RR: Ikea Montour Half Marathon
On Saturday I ran the Ikea Montour Trail Half Marathon. As always, I wasn’t sure how the race was going to go. I haven’t run a half marathon since a disastrous Baltimore Half Marathon in 2004. I’ve been having really good long runs recently, but I wasn’t sure what pace I could sustain for 13.1 miles. My goal was to break 2 hours but I wasn’t sure if it was a realistic goal or not.
I was up at 5:45 with my best-thing-since-sliced-bread boyfriend, Chris. I got ready while he went on a coffee run and then we went to pick-up my friend, Steph, who was also racing the half. We got to the start/packet pick-up/chips around 7:15 for an 8 am start. I was pleased to see the shirt wasn’t the t-shirt I was expecting, but instead a long-sleeve Brooks technical shirt. Nice, I’ll take that! We hung around and stretched and met up with my friend Kasey and a friend of hers, David. I love the pre-race atmosphere… all the runners warming up and chatting and anticipating their potential. Love it.
I start the run with Kasey and David because we’re all hoping to break two hours. Kasey’s PR is 2:04; I’m not sure of David’s PR, but I think he has a 3:40 marathon time floating around somewhere. It isn’t too hot of a day, but it is HUMID. At this point I’m just thankful that the forecasted rain has held off, but I’m not sure how the weather is going to factor in.
The gun fires and we’re off. The first mile is a long downhill with a net elevation change of 300 feet. Everyone goes out insanely fast and our first mile is 8:03. If I were racing by myself, and not with Kasey and David, I would have gone out conservatively and tried to leave some to push at the end. Kasey and David are more even-split people. I figure I’ll keep up with them and it’ll be a bonus if I have some kick at the end. Miles 2 and 3 are 9:01 pace, Mile 4 goes through a 500 foot tunnel and my Garmin cries Uncle, yielding unreliable readings. This is where I start to slow down. I’m not sure if it’s the humidity, but now I’m starting to second-guess myself about going out too fast. As a psychologist and a runner, I know that running is just as much a mental sport as a physical one, and I can’t start psyching myself out. I use some time-tested mantras (“Who’s a runner? Kat’s a runner!”) but I’m digging too deep for this early in the race. Around miles 5, 6, and 7 I’m starting to question my ability to meet my goal (splits: 9:08, 9:10, 9:18). To add to this, Kasey cramps and needs to stop to walk. I keep going and David stays with her but I’m really regretting my race strategy. An additional factor at this point was poorly placed water stops- no water between miles 5 and 9! Argh!

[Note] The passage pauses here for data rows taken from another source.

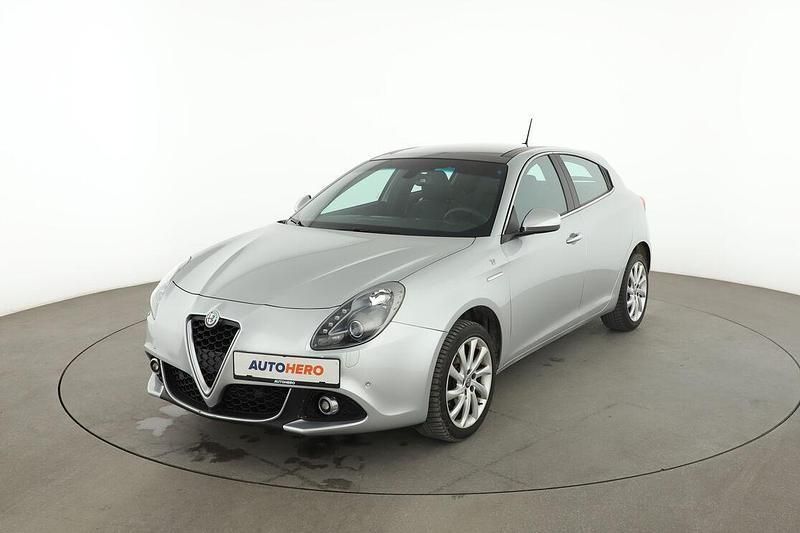 Grau Gebraucht 2020 Alfa Romeo Giulietta Super Kleinwagen | 13.220 € (Guter Preis) - Bild 1/3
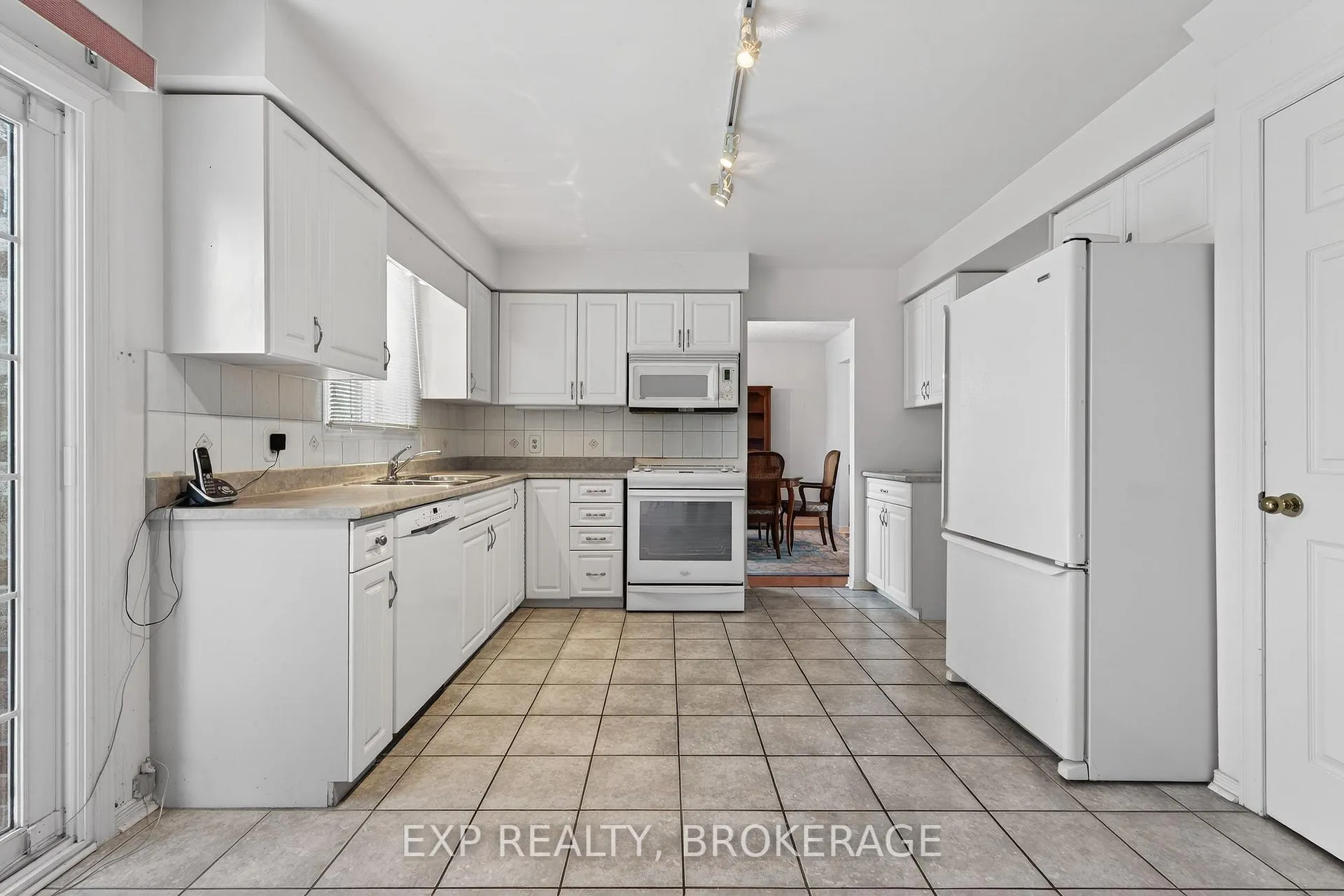 Photo 12 of 59 Chartwell Crescent, Kingston, Kingston East (Incl Barret Crt) — HOMEH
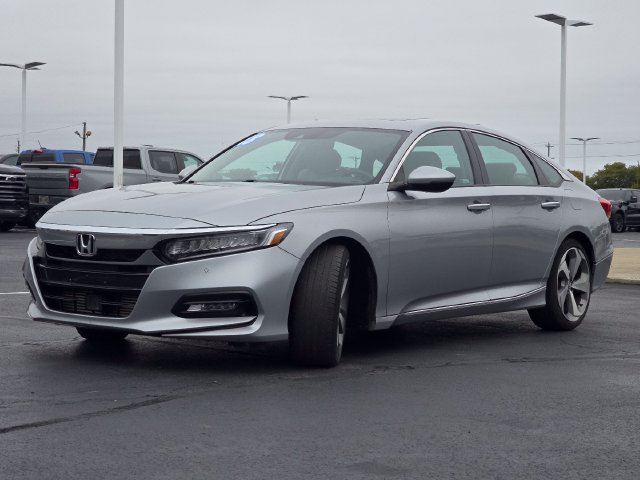 Used 2018 Honda Accord Touring image 11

Mile 7 is the turnaround for the out-and-back course. A turnaround not just physically but mentally. At this point, I start flying and suddenly I have a bit of a kick in my step again (mile 8: 8:42). I realize at this point that the last few miles must have been a gradual uphill (my Garmin later confirms a 300-foot climb) and maybe I can make up some time on the downhill. From here on out something happens and my mind becomes focused and sharpened. My legs and breathing start to hit a rhythm. The pack has spread out and I keep finding people I can play mental games with: I just need to pass the girl in the blue; there’s a rubber band between me and the guy in the black shirt and he’s pulling me to the finish line.
The course has been devoid of spectators and was sparse on volunteers. It was amazing to start to see non-running humans around mile 12.75. The winners were cheering us on and I made eye contact with one guy (my race angel) who said “You’ve got it, girl! Finish strong!” He was wearing a JFK 50 mile shirt, an endurance race that happens in my home state of Maryland, and the realization I only had a little bit left to go, feeling a home-court connection, and finally being cheering for helped me kick it into high gear. I ran hard towards the finish and found Chris and Steph at the finish line cheering me on. Chris is one of my biggest supporters and it was so awesome to see him cheering for me and bringing me home. I finished in 1:58:06, beating my goal of coming in under 2-hours.
I got a medal, which I was really excited about (yay bling!). I was also excited I was able to break 2 hours on a trail run in disgusting conditions (runners looked like swimmers at the end). I found out Steph came within two minutes of breaking her PR of 1:40 and likely would have without a porta-potty break. Kasey and David came in at 2:02, a 2-minute PR for Kasey, even though she didn’t meet her sub-2 goal. Overall it was a really great morning with really great people. I’m starting to realize there is no other way I’d rather spend a morning than racing with friends.